A modo de introducción

Llegamos al santo y fecundo tiempo de Cuaresma: cuarenta días de camino hacia la celebración de la Pascua de Jesús de Nazaret. Tiempo de escucha de la palabra de Dios, tiempo de acoger la llamada a la conversión, tiempo de oración, ayuno y solidaridad. Es cierto que, a lo largo del año, también estamos llamados a esto, pero en la Cuaresma esta llamada se nos aparece con más fuerza. Nuestra reflexión para iniciar este tiempo favorable quiere llamar la atención sobre esta llamada a la conversión.

¿Qué significa conversión? ¿Por que necesitamos convertirnos? ¿Por qué nos resulta tan difícil cambiar de vida? ¿Estamos dispuestos a recorrer el camino de la Cuaresma, o vamos a posponer una vez más nuestra conversión? A la luz de la profecía de Joel, en el versículo mencionado anteriormente, así como en las palabras de Jesús en Mateo 6, 1-6.16-18, vamos a escuchar lo que el Espíritu está revelando en este momento difícil de nuestra historia.

Volverse a Dios, rasgando el corazón

Como todos los profetas, Joel usa un lenguaje adecuado para invitar a la gente a cambiar de vida: «…volved a mí de todo corazón…». Tenemos que dar nuestro corazón a Dios, nuestro buen Padre. Sólo él es capaz de liberar nuestro corazón de nuestros apegos, de todo lo que tiende a esclavizarnos. Hay muchas personas que están con el corazón preso, atado a los bienes materiales y las ilusiones de la vida. ¿Cómo puede Dios habitar en ese corazón? La presencia de Dios rompe las prisiones, liberando de las ilusiones; pero este Dios pide permiso para entrar.
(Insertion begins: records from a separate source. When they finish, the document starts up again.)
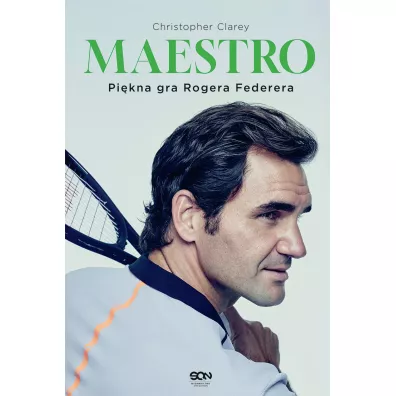 Maestro. Pi�kna gra Rogera Federera - Christopher Clarey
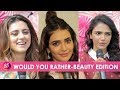 Would You Rather Beauty Edition With Bollywood Celebrities At Lakme Fashion Week S R 2019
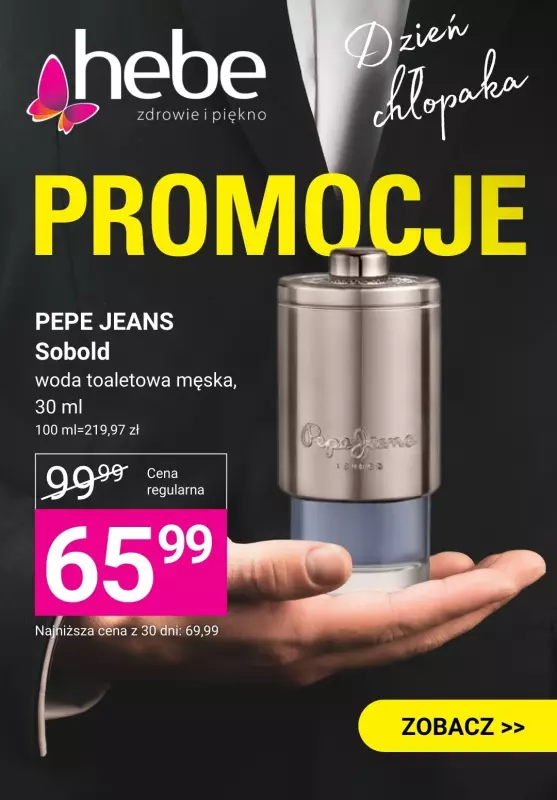 Hebe - gazetka promocyjna Dzień chłopaka od 19,99 zł  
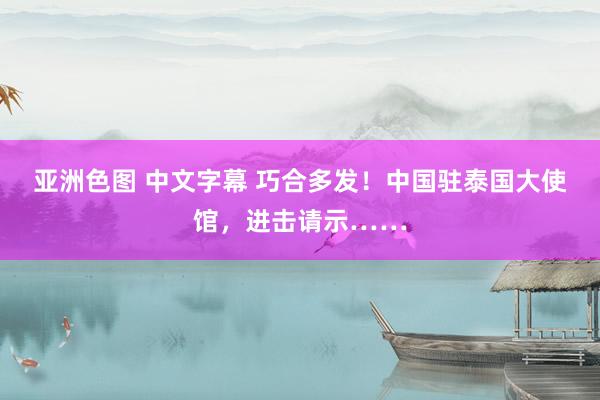 亚洲色图 中文字幕 巧合多发！中国驻泰国大使馆，进击请示……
Él no invade el corazón de nadie. Se pide ser aceptado. Su voluntad es amar a la persona, habitando en su corazón.

Aquí hay una oración que cada cristiano debería hacer: ¡Oh Dios, mi amado Señor, rasga mi corazón delante de Ti! Me siento atribulado, cercado por los lobos ferozes de esta vida. Ya no quiero vivir sin Ti. Eres la razón por la que vivo. Así que te pido, en el nombre de Jesús, que vengas a morar en mi corazón. Quiero sentir tu presencia. Tú eres mi seguridad, la fuerza que me hace vivir. Ven, con Jesús y tu Espíritu, a habitar en mi pobre corazón. Y, habiando en él, libérame del poder de las tinieblas con tu luz. Que, habitado por ti, pueda ser testigo de tu verdad en este mundo, lleno de mujeres y hombres sedientos de Ti. Guárdame, oh Trinidad, con Tu presencia en mí. ¡Amén! »

Él es amable y compasivo, siempre inclinado a perdonar

¿Quién puede conocer y experimentar la misericordia de Dios? ¿Quiénes saben y sienten realmente su perdón? Sin duda, los que abren sus corazones para que Él pueda hacer su morada. Dios no es una idea, no es una mera abstracción. Es el amor que quiere permanecer en nosotros. Este es su deseo, su voluntad: Permanecer en sus hijos e hijas, habitando en sus corazones. Este es un gran misterio. Acogiendo al Padre, al Hijo y al Espíritu, la persona conocerá el misterio divino, revelado en su amor. No se conoce a Dios en las escuelas de teología, sino acogiéndolo en nuestros corazones. Es una experiencia profundamente amorosa y transformadora. Dios transforma a quien lo acoge. Él transforma desde dentro. Si acogerlo, no es posible conocer el poder transformador de su misericordia y su amor.

Dios no es el Señor de los ejércitos, el gran vengador de su pueblo, quien vigila para ver quien peca y darle su castigo. Esta es una falsa imagen de Dios. Tampoco podemos creer que Él acoge a unos y desprecia a otros, acordándose de algunos y dejando a los demás. No. Esto es una mentira. De hecho, toda la humanidad forma la gran familia de Dios. Todos son bienvenidos, amándolos sin límites. Él no hace acepción de personas, pero se fija especialmente en los que sufren y los que invocan, sinceramente, su nombre. Él no mira nuestras faltas. Ciertamente, los reprueba, pero no los utiliza como razón para castigarnos. El Dios y Padre de Jesús no es un Dios castigador, sino un Padre amoroso, que no puede hacer nada más que amar, infinitamente. Su amor llega a todos, en la libertad y para la libertad. Así que no tenemos que tener miedo de Dios. En él no hay maldad porque su esencia es el amor. Dios es amor y sólo responde con amor. Para conocer todo esto, sólo hay un camino: El camino de la aceptación. Sin acogerlo en el corazón, es imposible experimentar su amor.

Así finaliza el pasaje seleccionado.